Spectre is everything I wanted from a possible Bond finale with Daniel Craig. Enormous, packed with excellent action and wonderful performances, and putting you on the edge of your seat, Spectre brings Bond to the big screen in a way that couldn’t be more satisfying for die-hard fans like me. It includes very familiar elements from the old Bond features, including the awesome gun barrel opening, which hasn’t been used in the very opening since the Pierce Brosnan days. The movie isn’t even afraid to make fun of some of these elements, including the famous “shaken, not stirred” Martini cocktail, and even includes some humor in the fight scenes. Sam Mendes once again does a great job in the director’s chair, previously having done a fantastic job with Skyfall. Roger Deakins did a great job shooting Skyfall, but in Spectre, Hoyte van Hoytema’s cinematography is something far magnificent. Having previously shot Christopher Nolan’s sci-fi epic Interstellar, Hoyte van Hoytema once again amazes with his ability to capture scale, perfect angles, and the need for as little takes as possible throughout scenes.
Daniel Craig once again delivers a strong and badass performance as the iconic hero that has been in and out of cinemas for over 50 years. He is able to convey the character’s emotion, motives, determination, and merciless tone. Léa Seydoux surprised me with such a deep, emotional, and strong performance as the new Bond girl. Christoph Waltz is by far the greatest Bond villain of the century.

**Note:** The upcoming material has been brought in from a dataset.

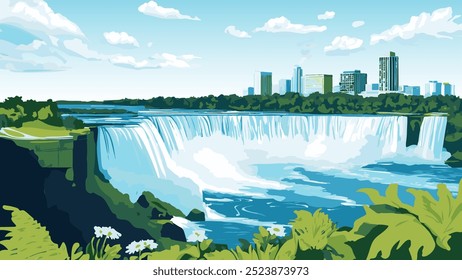 Diese Illustration zeigt einen ruhigen und minimalistischen Blick auf die Niagara-Fälle, die die natürliche Schönheit und immense Kraft eines der berühmtesten Wasserfälle der Welt einfangen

Having won two Oscars within 3 years, it’s no surprise that here, Waltz delivers a menacing, ruthless, extremely intimidating performance as such a fantastic and convincing antagonist. The movie did a perfect job saving up his character up until the last hour of the film, although he has a brief appearance before. It was very thrilling to see Bond get tortured psychologically by Waltz’s villain, rather than physically.
Sam Smith’s theme “Writing’s on the Wall” is not a great song, but is made such great use of in the opening credits of Spectre, with such amazing imagery like nothing I’ve seen in a Bond film before. The action is movies is so exciting, using such amazing cinematography, sound, and choreographed so well, I could never take my eyes off the film. By the time Waltz was onscreen, I was on the edge of my seat. I couldn’t believe how thrilled I was when Craig finally confronted Waltz, and what comes afterwords. The film ends very well, and I would be glad if it would end the saga, or at least Craig’s story. My one complaint of the film is that this movie and this summer’s Mission: Impossible – Rogue Nation felt extremely similar, with very similar plot points, but I found Spectre to be a far greater film, much more thrilling, exciting, and nostalgic to fans.
Spectre may not be as great as Casino Royale, but it brings back Bond in such an awesome, exciting way, that’s definitely worth a trip to the movies, especially for fans.